The next step for Project Vive is to secure funding that will be used to create a demonstration video and to continue to develop the device. The team plans to set up an IndieGoGo campaign, one aspect of which will allow donors to give their voice to a voice bank that will be used in the device. Outside of the project, McCulloch is working on her senior thesis and keeping busy with club swimming and her work in an on-campus laboratory.

Although they are not all currently living and working in State College, the MichelAngelo team is collaborating despite the distance, developing their device and determining their market. Cornell lives in New York City and works as a business technology analyst for Deloitte Consulting, and Chisena is attending graduate school at the University of Michigan, pursuing his doctorate in mechanical engineering.

Looking back on their experiences, all of the students enjoyed working as full-time entrepreneurs for the summer and said they are excited to continue working on their projects in the future.

“I’m a firm believer in finding something that you’re passionate about and, once you do that, work no longer becomes work, it becomes something you do every day that you enjoy,” Chisena said.

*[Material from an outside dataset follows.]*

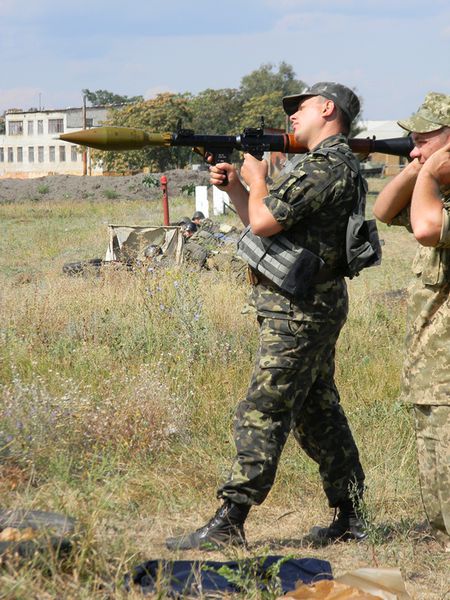 Стрілецький батальйон опановує бойові стрільби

The Schreyer Honors College promotes academic excellence with integrity, the building of a global perspective, and creation of opportunities for leadership and civic engagement. Schreyer Honors Scholars, including Gateway Scholars admitted after their first or second year of enrollment, total more than 1,900 students at University Park and 20 Commonwealth campuses. They represent the top 2 percent of students at Penn State who perform well academically and lead on campus.